VEACU, as well as the others mentioned above, structured its offering much like a private equity fund, in which its founders purchase very cheap initial shares and obtain a 20% share ownership. Investors who contributed the $480 million get shares entitling them to the remaining 80% of common shares. Of the total contribution, $5 million is specified as common equity, while $459 million is specified as “Common stock, subject to redemption.” The balance of net proceeds is designated as deferred underwriting commissions.

The units consist of one share and 1/3 warrant to purchase one share at $11.50. Only whole warrants (3 X 1/3) may be exercised. Only the units will trade until 52 days from the IPO, at which point they may be separated by holders into common stock (VEAC) and warrants (VEACW).

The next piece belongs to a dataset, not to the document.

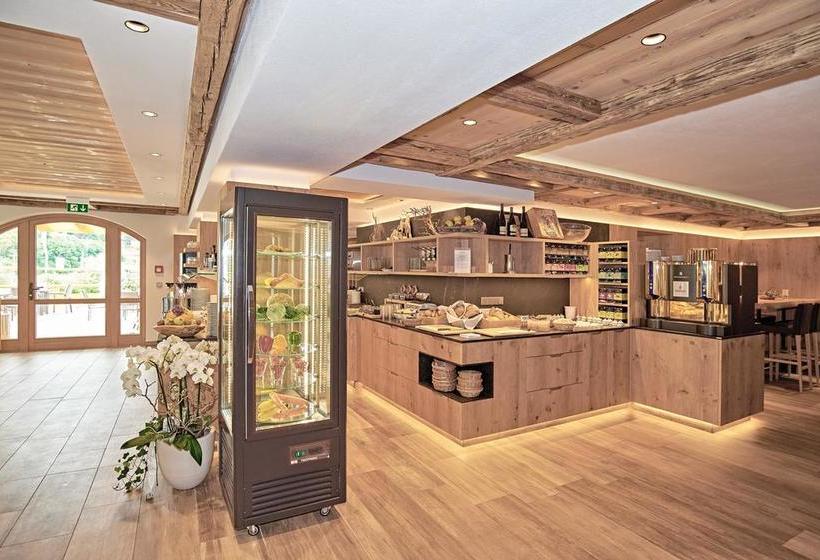 Hotel Grünberger 15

The warrants become exercisable on the later of the date on which the initial business combination occurs and 12 months after the IPO, and they expire 5 years after the date of its initial business combination transaction. The warrants can be redeemed, at the option of VEACU in its discretion, at any time after which the common stock trades at $18 for 20 days out of a 30-day trading period. Such calls for redemption typically result in warrant owners converting their warrants into common stock, which can require additional cash consideration (i.e. $11.50 per share) or, as has recently been the case in CDEV, by allowing a “cashless” exercise in which investors receive additional shares based on the difference between $11.50 and the then-market price.

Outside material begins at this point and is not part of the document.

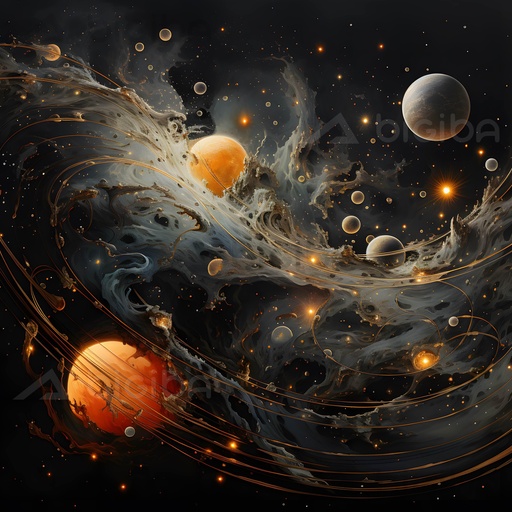 Dans Cosmic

NGP is committed to purchase 7.33 million private warrants, exercisable at $11.50/share, for $1.50/share at the closing of the IPO. In addition, a substantial benefit is NGP’s forward commitment to have institutional funds it controls invest $400 million by purchasing 40 million common shares and 13.3 million warrants on the same terms as the IPO, such investment to occur on the closing of the initial business combination. In effect, at that point in time, VEACU will have equity capital of almost $900 million, increasing the size of the deals it can pursue.

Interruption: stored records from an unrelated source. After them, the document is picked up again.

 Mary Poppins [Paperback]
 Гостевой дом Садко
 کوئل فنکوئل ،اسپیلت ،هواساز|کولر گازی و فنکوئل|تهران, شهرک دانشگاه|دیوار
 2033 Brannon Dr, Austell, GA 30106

The “nearly free look” nature of the transaction is intended to lessen the risk of entrusting funds with no specific usage initially. Assuming a deal is identified, the specifics are set out in detail and investors are given 30 days in which to decide whether to continue to hold their common shares or to require the company to redeem them for what amounts to 95%+ of their investment. In that respect, the initial investment acts more as an option to take advantage of a potentially attractive future acquisition; time will tell whether the market cooperates with the hoped-for result.

Management

Some readers may not recognize Natural Gas Partners (“NGP”), the founder and sponsor of VEACU. NGP is one of the largest private equity, energy-focused firms in the U.S., along with other PE firms like EnCap, Riverstone, Ares, Kayne Anderson and Quantum. More information can be accessed (here). According to the prospectus:

Our sponsor is a portfolio company of NGP XI, and is owned by NGP XI and VEP, an entity controlled by our Chief Executive Officer, Roger Biemans. NGP has considerable experience investing in the energy industry. Since NGP’s founding in 1988 by Kenneth A. Hersh, David R. Albin and John S. Foster, NGP Funds have committed approximately $17.0 billion to more than 200 portfolio companies across eleven private funds. NGP has experience investing across a variety of commodity price cycles and a track record of identifying high-quality assets, businesses and management teams with significant resources, capital and optimization potential.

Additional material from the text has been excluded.